Hal itu diungkap Strauss ketika ditemui perwakilan media ASEAN, termasuk VIVAnews di kantor HSF di pusat bisnis Sydney, Australia. Strauss yang pernah membantu kliennya yang mencoba berinvestasi di Indonesia, mengeluhkan sistem hukum di Tanah Air bisa berubah begitu cepat.

"Sebagai contoh, ada aturan hukum yang mengatur soal pertambangan yang berubah begitu saja, sehingga mengecewakan beberapa perusahaan yang ingin berinvestasi," kata Strauss.

Sementara itu, akibat korupsi, bisa terjadi pemberian informasi yang tidak pas. "Kadang untuk memperoleh izin, pengusaha masih harus memberikan sesuatu kepada petugas agar urusannya cepat diselesaikan," imbuh Strauss.

Rekan Strauss, Daniel Barrins, mengatakan, para pengambil keputusan, bisa merujuk kepada tantangan terbesar para pengusaha, apabila ingin berinvestasi di China. Barrins menyebut ada tiga tantangan.

"Pertama, masih lemahnya perlindungan hukum. Kedua, tidak ada perlindungan terhadap hak intelektual. Ketiga, kepemilikan saham yang dibatasi, sehingga semakin sedikit hal yang kami ketahui," papar Barrins.
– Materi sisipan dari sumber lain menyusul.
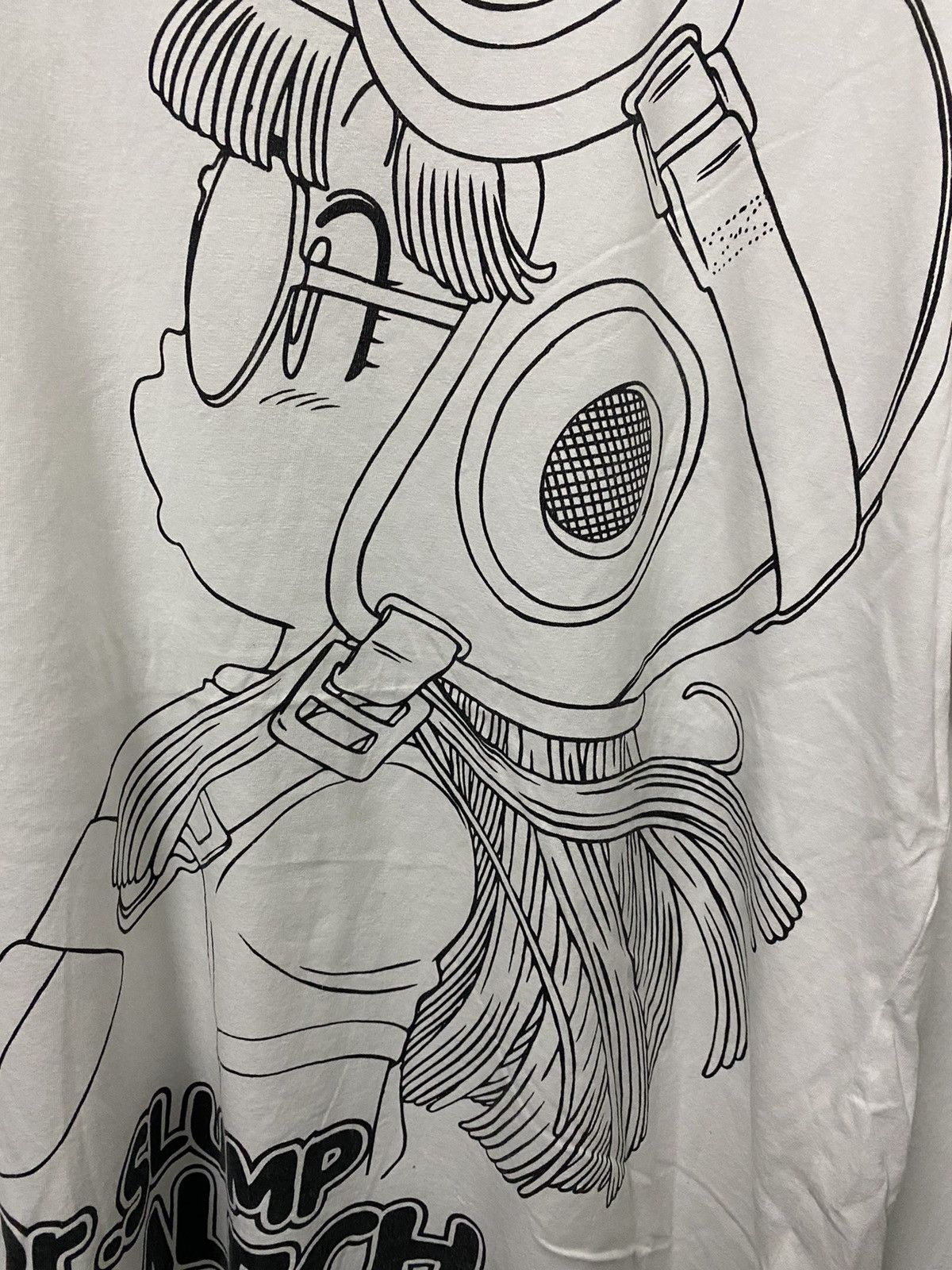 Anime Dr Slump Arale Overprint Anime Manga Japan Size US XXL / EU 58 / 5 - 2 Thumbnail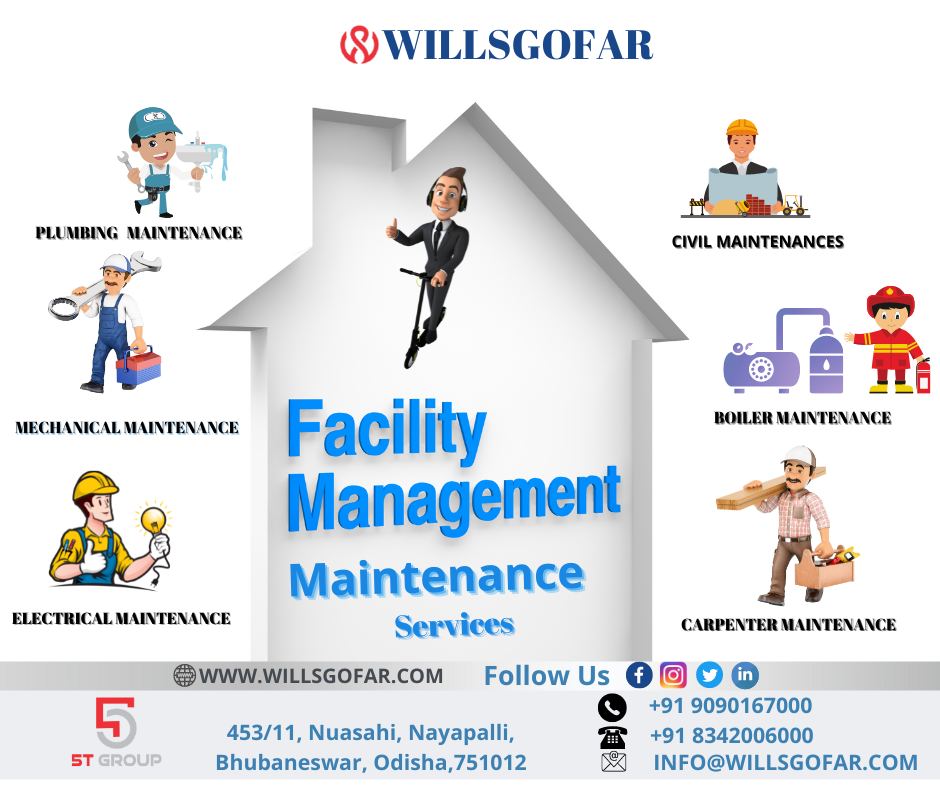 Top facilities management companies ,Odisha- WILLSGOFAR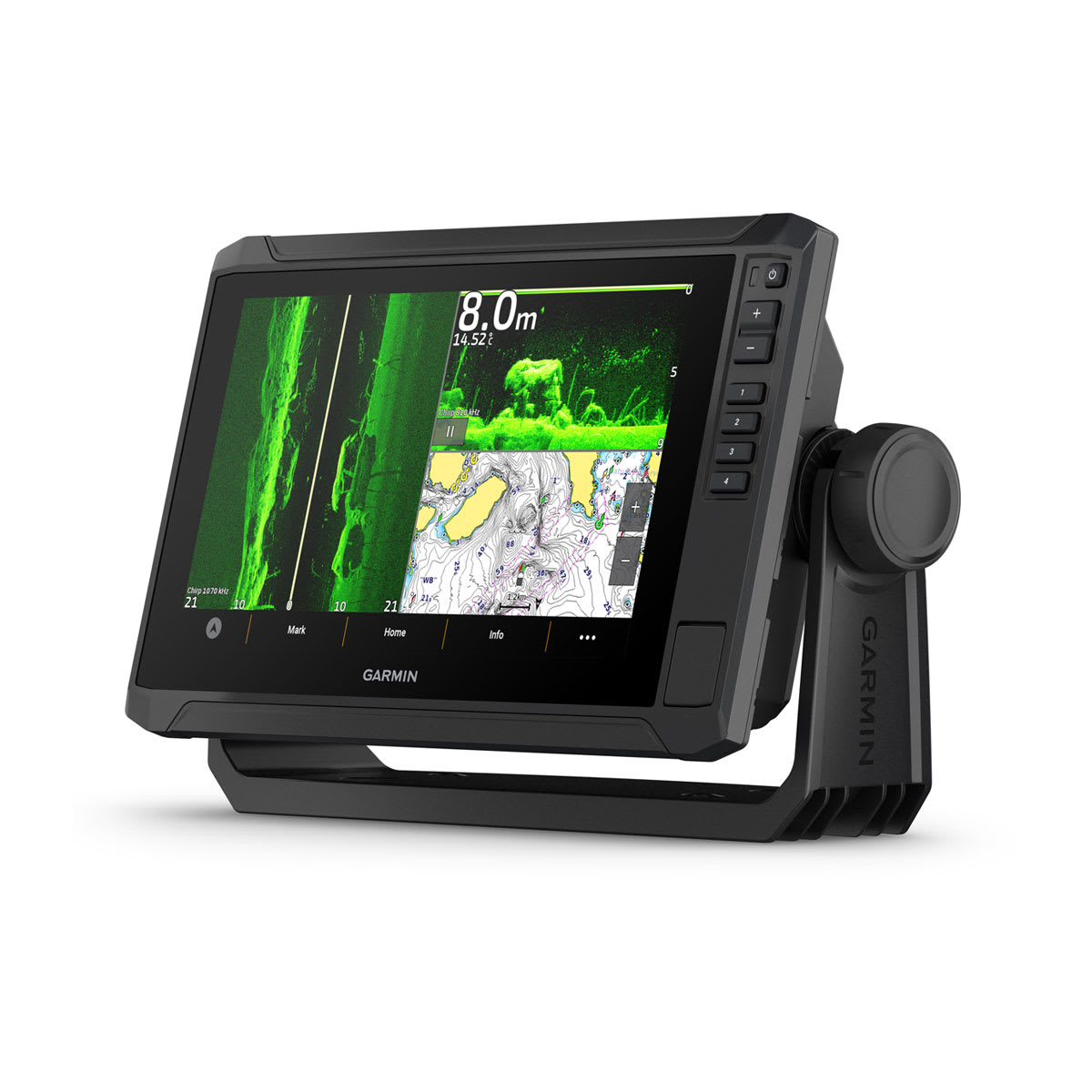 ECHOMAP™ UHD2 9" sv Chartplotters 92sv without Transducer
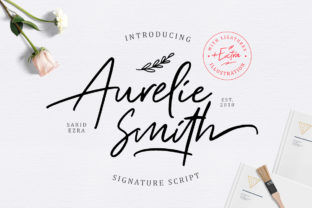 Aurelie Smith: A Font That Breathes Life Into Your Creations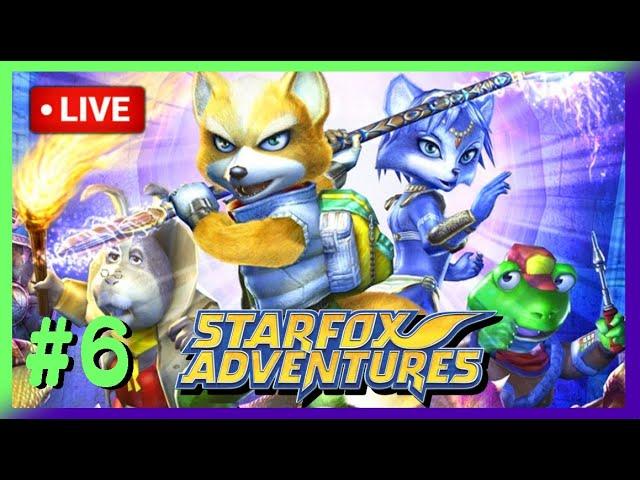  OCEAN POINT! | Star Fox Adventures Part 7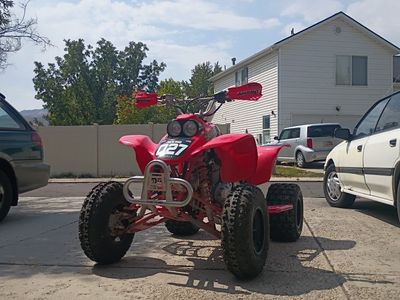Honda TRX 400EX Sport ATV Quad - Red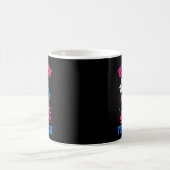 Mug Jouons 4e année Retour à l'école Baseball Drip (Centre)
Dia menyebut, jika negara-negara Asia Tenggara bisa menyelesaikan ketiga masalah tadi, investasi dari Australia akan mengalir.  

Namun, baik Strauss dan Barrins mengatakan bahwa tantangan serupa tidak ditemukan di Singapura. Sebab, di Negeri Singa itu mudah bagi perusahaan asing untuk berinvestasi. Di sana, kata Barrins, segala sesuatunya dikelola secara transparan.

"Singapura bahkan mengalahkan Hong Kong untuk hal ini," kata dia.

Menurut data dari Kementerian Luar Negeri Australia, pada 2012, jumlah investasi asing langsung dari Negeri Kanguru ke Indonesia mencapai 26 persen, atau menyentuh US$24,6 miliar.

Strauss menambahkan, kendati banyak tantangan yang dihadapi para pengusaha ketika membenamkan dana di Indonesia, masih ada beberapa perusahaan yang ingin berinvestasi di Tanah Air.